Islandora 7 – permissions for multisite and XACML June 30, 2014Posted by ficial in islandora, multisite, techy, XACML.
We used drupal-multisite to organize our repository. Permissions/access is a challenge. We used namespaces that are unique to each collection for site-level access, which required a bit of custom coding to support and has some limitations, but took much less coding and is more stable than the other main option we considered (implementing real per-collection access). Supporting XACML effectively across multiple sites then requires separate user tables for each site (backed by LDAP to unify login credentials), a separate entry in the fedora filter-drupal.xml file, and appropriate privileges granted on the DB for that site for the mysql user that filter-drupal specifies. Setting up a new site has three separate areas that require action:
- drupal : create the site using standard multi-site approach (share ldap_authorization and ldap_servers tables)
- mysql : grant access to the new database to the user that fedora uses to check credentials
- fedora : add an entry for the new site/DB to …/server/config/filter-drupal.xml, then restart fedora
In planning our repository a major challenge was for us to present and to control access to and mangement of our objects in a way that more-or-less matches how our users want and need things to work. Conceptually, our system has a tree-like structure, with potential for cross-connections. At the root is our over-all site http://unbound.williams.edu, which provides a face for the program / system as a whole and a convenient place / way to search across all the (unrestricted) objects in our system. From there we have project sites, which correspond to a particular department (e.g. http://unbound.williams.edu/williamsarchives), institutional project (http://unbound.williams.edu/facultypublications), or individual project (http://unbound.williams.edu/mayamotuldesanjosearchaeology). Within a given project there might be a single collection or multiple collections. A person or department might in turn have a single project or multiple projects, or might be involved in different projects and/or collection in different ways (e.g. managing one project, contributing to another collection, with read-only to a third, protected collection).

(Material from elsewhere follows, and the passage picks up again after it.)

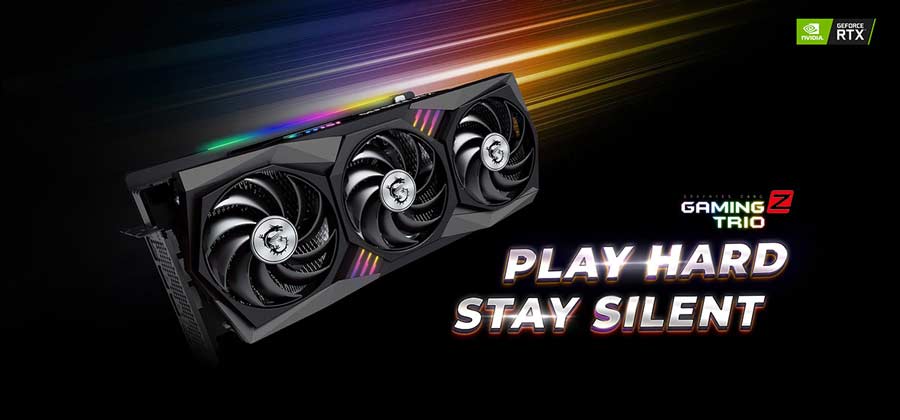MSI GeForce RTX 3080 GAMING Z TRIO LHR 10GB GDDR6X 320Bit Ekran Kartı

Setting up the technical infrastructure and processes to support the above model was (and continues to be) challenging. We used a drupal multi-site system to organize the main site and project sites. We leveraged islandora’s built-in namespace restriction capabilities to limit given collections to given sites. We did this by associating each collection with a unique namespace. This allows us to very easily include a given collection in multiple projects (e.g. the faculty articles collection might be in both the faculty publications project and the archives project). Essentially, we wanted to be able to support object access on a per-collection basis, but the built-in support only worked with namespaces, so we made them (semi-) synonymous. There were a couple of technical challenges to making this work, and there are also some less-than-ideal limitations that go with this approach.
On the technical side, there are two places that namespace restrictions come in to play: repository access and search access. On the back end there seems to be no limit to the number of namespaces that can be specified for these two areas, but the web form elements that are used for them limit the content to something too small for our purposes. We went through two levels of work-around here. First, we changed the form elements for those field from basic inputs to text area / paragraph inputs. However, we still had the problem that there were two separate places where namespaces had to be managed, which could easily lead to problems that would greatly impact user experience. So, we created a custom module that provides a single interface that controls both areas – the namespace list that’s entered in that one field is used to set both the SOLR preferences and the site namespace config values. With this in place our namespace list for a given site might become pretty long, but it’s easy enough to manage and we don’t ever end up in a situation where there’s a mis-match between the search-based access and the repository/site-based access.
On the data structure side of things this approach creates some hard limits in what we can do. We’re trying to emulate collection-based access control, but this doesn’t do that exactly. It fails in two main ways. First, an object’s namespace isn’t necessarily the same as that of a collection that contains that object. In the case when an object is in more than one collection then we’re guaranteed that there’s a mis-match for at least one of the collections. To try to get around this we more finely divide our object sets than we otherwise might and use the site-level grouping to bring them together rather than collection-level grouping. Second, we lose hierarchical object access control. In a pure collection based approach we would be able to nest collections and specify access by the top-level collection, but since each collection is it’s own namespace we have to manually manage access to whole hierarchies as individual elements. Neither of those two limitations are game-stoppers, but they do need to be taken into consideration when ingesting a new set of objects and setting up new projects an collections.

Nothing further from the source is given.